Ibnu Hajar berkata dalam kitabnya “At-Taqriib”:

عاصم بن ضَمْرة السَّلولي الكوفي، صدوق، من الثالثة، مات سنة أربع وسبعين (4).

“‘Ashim bin Dhamrah As-Saluliy Al-Kufiy, shaduq, dari thabaqah ketiga, wafat tahun 174 hijriyah, haditsnya diriwayatkan oleh penusil sunan yang empat (Abu Daud, Tirmidziy, An-Nasa’iy, dan Ibnu Majah).”

Penjelasan singkat hadits ini:

1.      Biografi Ali bin Abi Thalib radhiyallahu ‘anhu.

Lihat: Keistimewaan Ali bin Abi Thalib

2.      Shalat witir tidak wajib, akan tetapi sunnah.

3.      Al-Witr adalah nama Allah yang husnaa.

Abu Hurairah radhiyallahu 'anhu berkata: Rasulullah shallallahu ‘alaihi wasallam bersabda:

«لِلَّهِ تِسْعَةٌ وَتِسْعُونَ اسْمًا، مِائَةٌ إِلَّا وَاحِدًا، لاَ يَحْفَظُهَا أَحَدٌ إِلَّا دَخَلَ الجَنَّةَ، وَهُوَ وَتْرٌ يُحِبُّ الوَتْرَ» [صحيح البخاري ومسلم]

"Allah memiliki sembilan puluh sembilan nama, seratus kurang satu, tidaklah seseorang menghafalnya melainkan ia akan masuk surga, dan Dia adalah witir dan menyukai yang ganjil." [Shahih Bukhari dan Muslim]

4.      Allah “Al-Witr” artinya:

Ibnu Atsir -rahimahullah- (606H) berkata:

الْوِتْرُ: الفَرْدُ، وتُكْسَر وَاوهُ وتُفْتَح. فاللَّه واحدٌ فِي ذَاتِهِ، لَا يَقْبل الانْقسام والتَّجْزِئة، واحدٌ فِي صِفَاتِهِ، فَلَا شِبْهَ لَهُ وَلَا مِثْلَ، وَاحِدٌ فِي أفْعالهِ، فَلَا شَرِيكَ لَهُ وَلَا مُعِينَ. [النهاية في غريب الحديث والأثر (5/ 147)]
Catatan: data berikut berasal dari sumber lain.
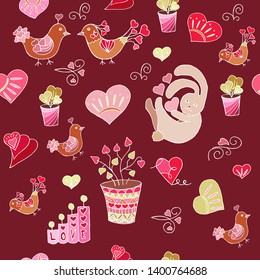 Abstract seamless love pattern with hand drown elements. Girlish repeated backdrop with hearts, lettering, sylized plants, curls. Valentines day wrapping paper, textile, clothes.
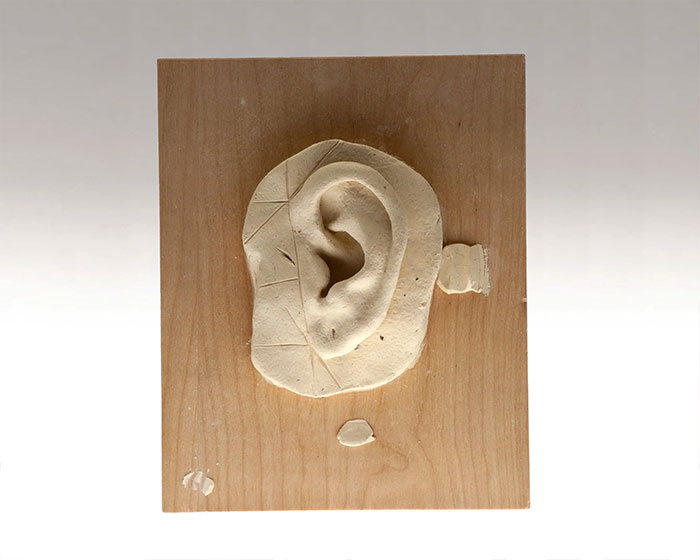 Model of an ear on wooden board representing CIA spy technology used for audio surveillance and intelligence gathering.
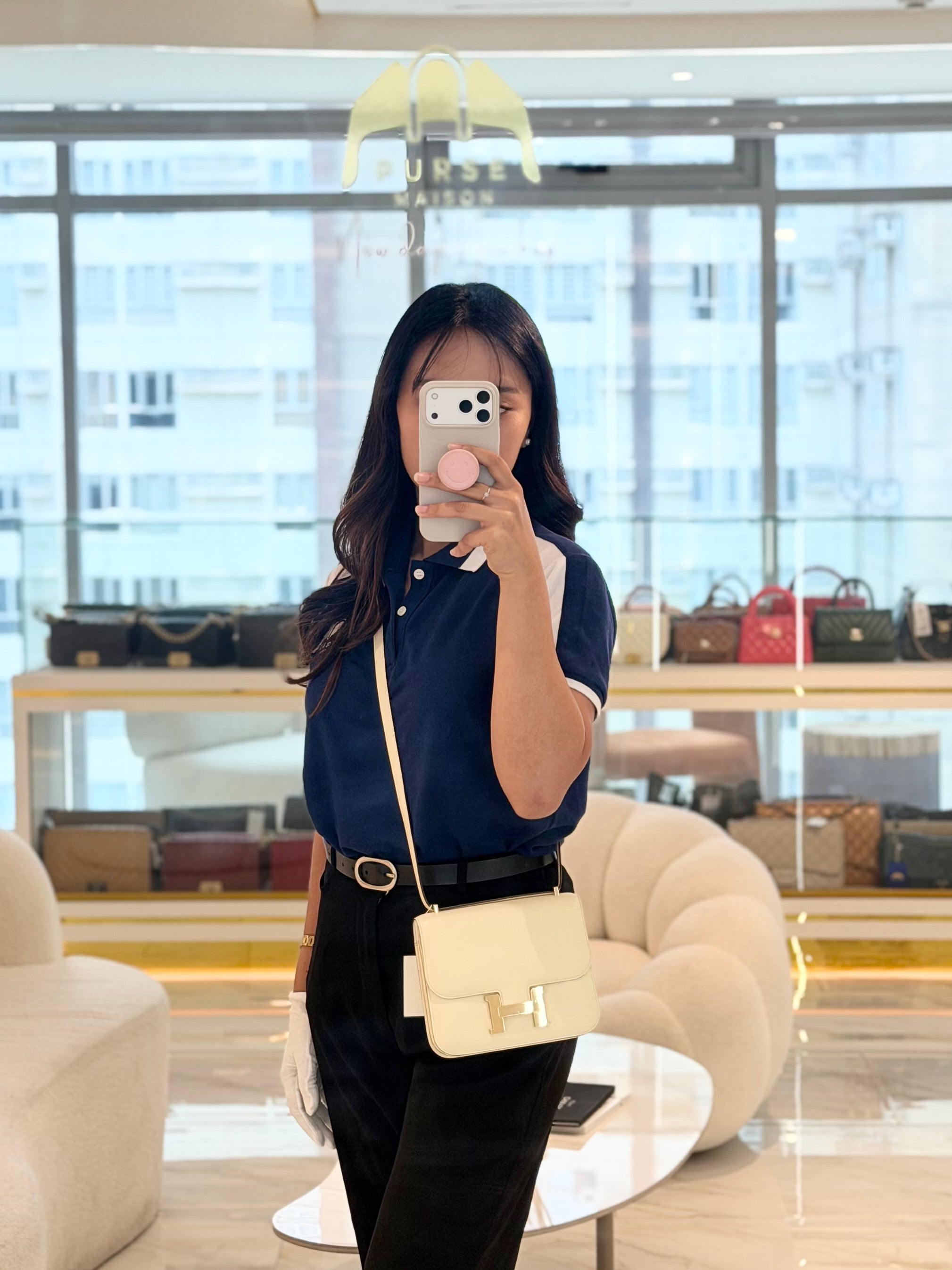 Constance 18 Nata Epsom Leather in Permabrass Hardware Stamp B(2023) | Purse Maison Luxury Bags Shop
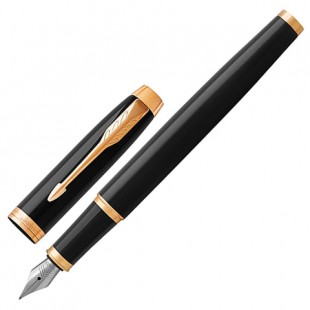 Ручка перьевая PARKER "IM Core Black Lacquer GT", корпус черный, латунь, лак, позолоченные детали, 1931645, синяя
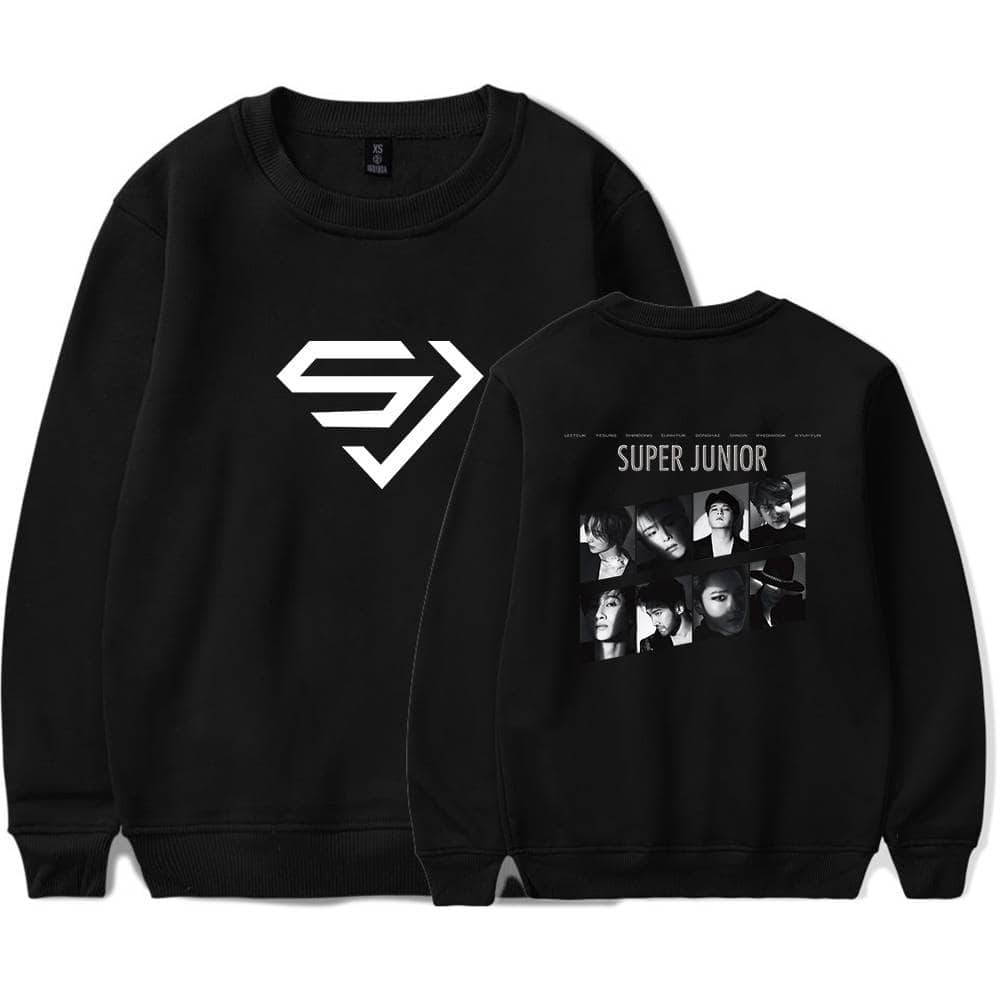Logo graphic sweatshirt featuring a stylized "S" and "J" on the front and black-and-white photos of Super Junior members on the back. Perfect for K-pop fans and casual wear.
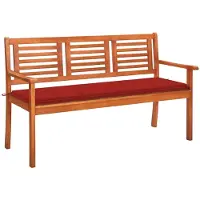 vidaXL Tuinbank voor 3 personen met kussen, 150 cm, massief eucalyptus hout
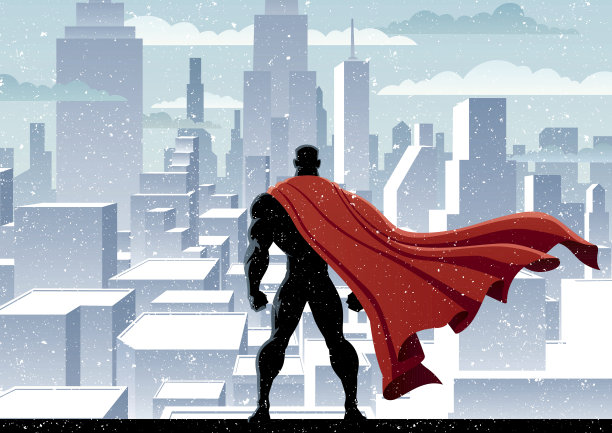 超级英雄,雪,绘画插图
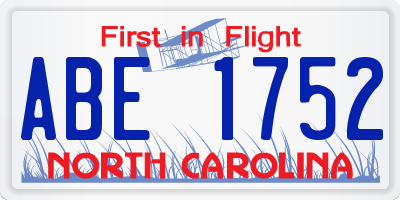 NC license plate ABE1752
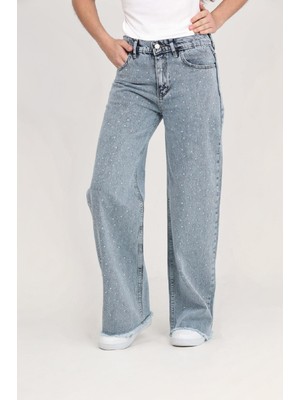 Modanino Kız Çocuk Destroy Paçalı-Geniş Kesim Jean Pantolon 5-15 Yaş 12488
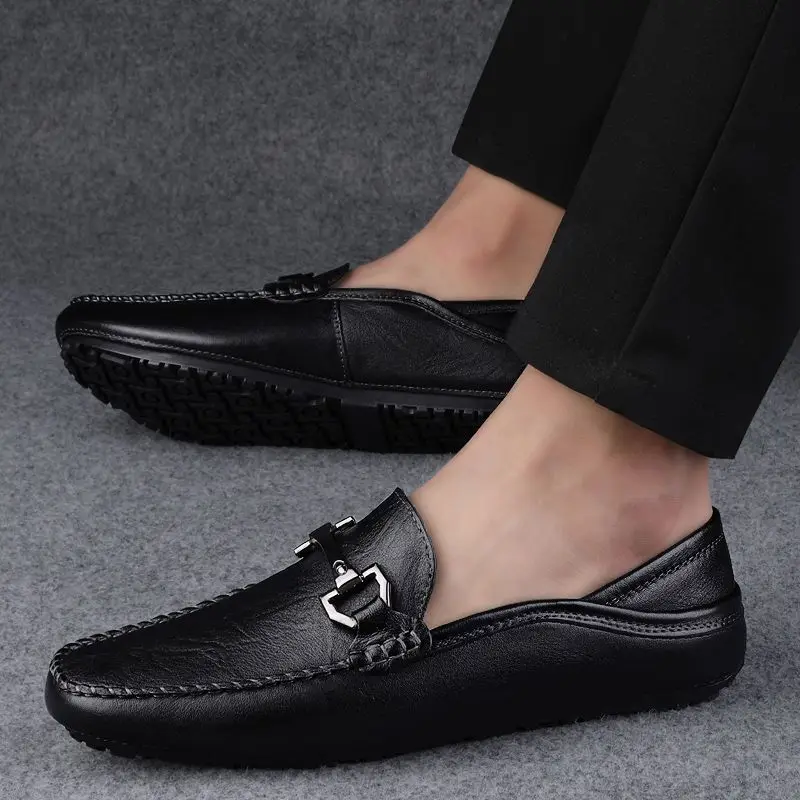 Flat Moccasin Square Toe Men's Leather Shoes Dress Business Formal Male Casual Shoe Loafers Soft Elegant Designer
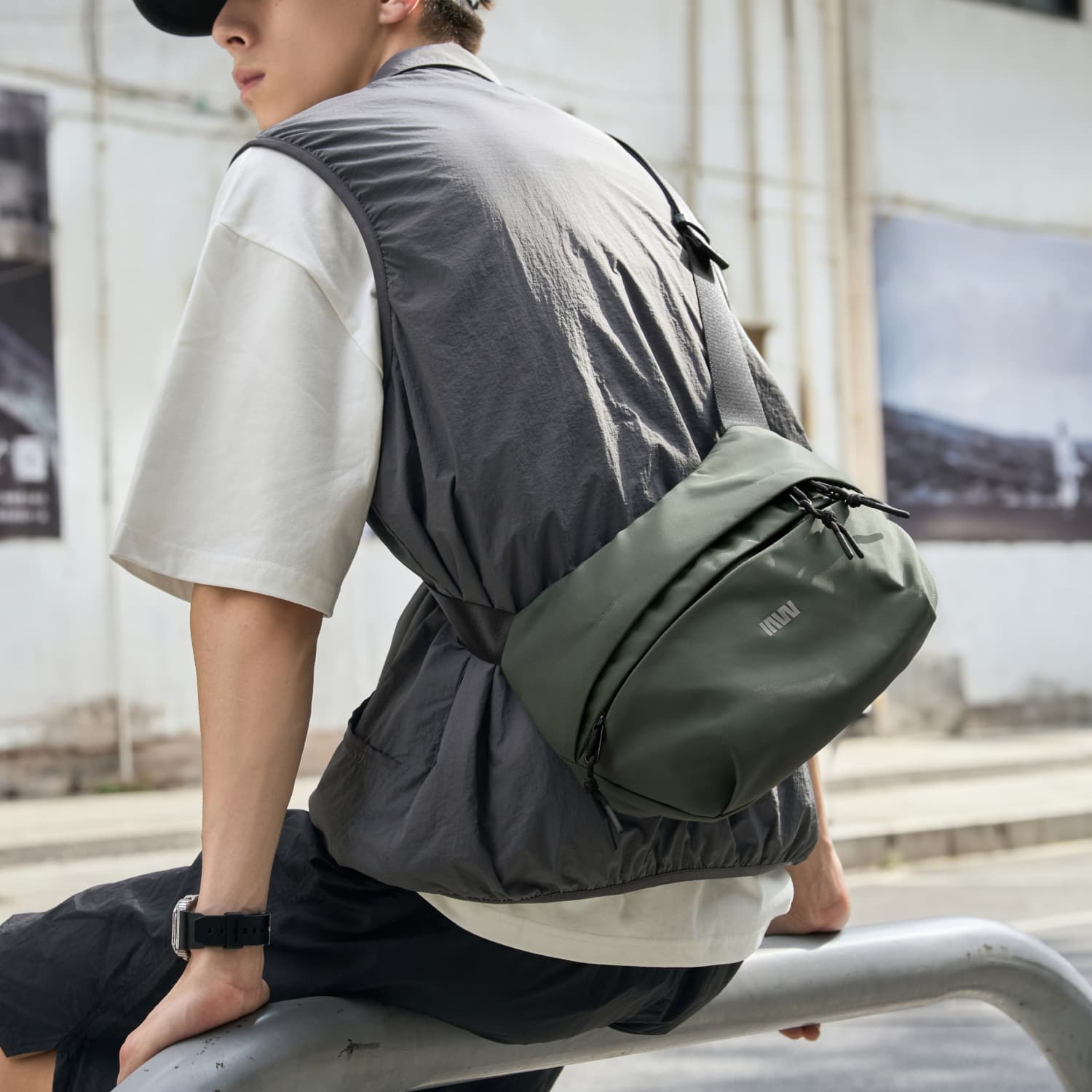 Сумка через плечо SEPTWOLVES Crossbody Bag Gray Green Unisex SEPTWOLVES Кроссбоди Сумка Серый Зеленый Унисекс - изображение 4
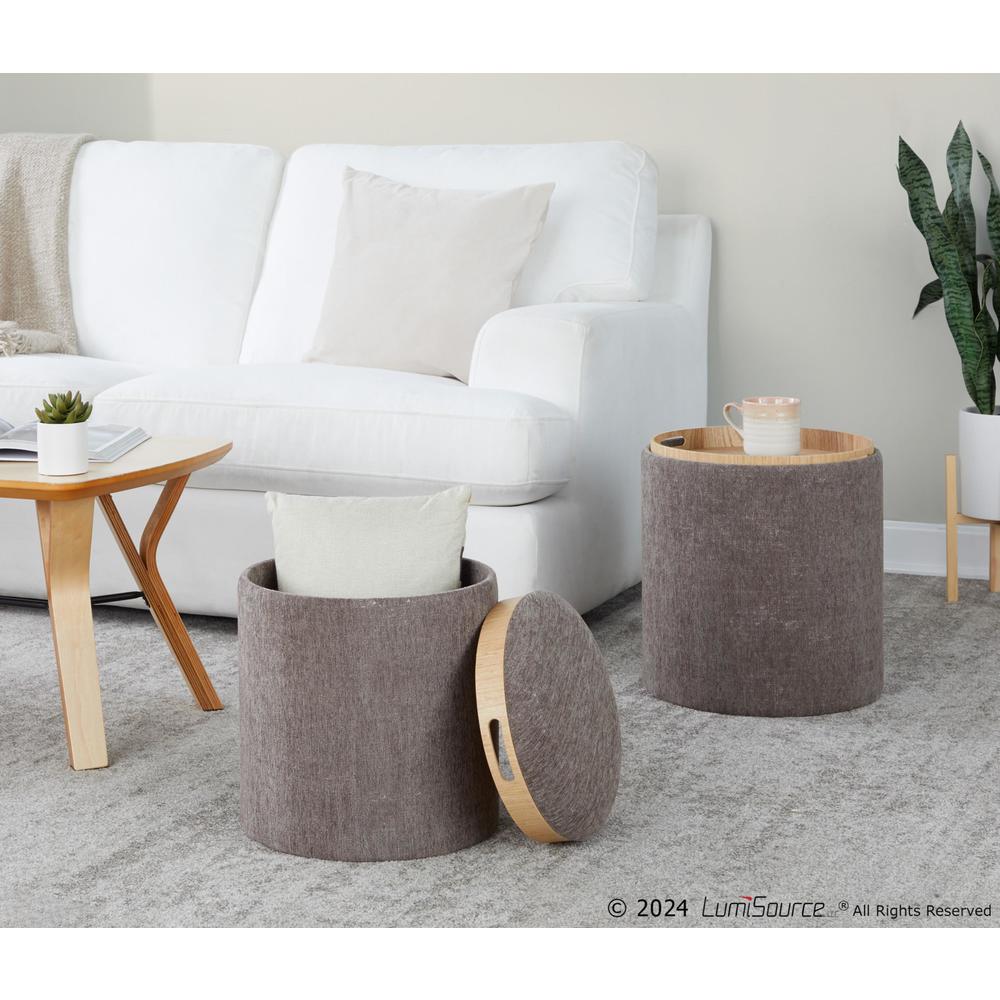 Brown Fabric, Natural Wood Tray Nesting Ottoman Set. Picture 8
“Al-Witri artinya Yang satu, dikasrah huruf wawu-nya atau difathah. Maka Allah itu satu pada dzatnya, tidak terpecah dan terpisah, satu dalam sifatnya tidak ada yang serupa dengannya dan tidak ada yang mirip, satu dalam perbuatannya maka tidak ada sekutu baginya dan tidak ada penolong”. [An-Nihayah]

5.      Allah mencintai sesuatu yang ganjil.

Dari Abdullah bin Umar radhiyallahu 'anhuma, Rasulullah bersabda:

" إِنَّ اللهَ وِتْرٌ يُحِبُّ الْوِتْرَ " قَالَ نَافِعٌ: وَكَانَ ابْنُ عُمَرَ لَا يَصْنَعُ شَيْئًا إِلَّا وِتْرًا [مسند أحمد: حسن لغيره]

"Sesungguhnya Allah adalah Esa (ganjil) dan menyukai yang ganjil."

Nafi' berkata; Dan tidaklah Ibnu Umar berbuat sesuatu kecuali ganjil. [Musnad Ahmad: Hasan ligairih]

Ø  Abu Hurairah radhiyallahu 'anhu berkata: Rasulullah shallallahu ‘alaihi wasallam bersabda:

«إِذَا اسْتَجْمَرَ أَحَدُكُمْ، فَلْيَسْتَجْمِرْ وِتْرًا، فَإِنَّ اللَّهَ وِتْرٌ يُحِبُّ الْوِتْرَ» [مسند أحمد: صحيح]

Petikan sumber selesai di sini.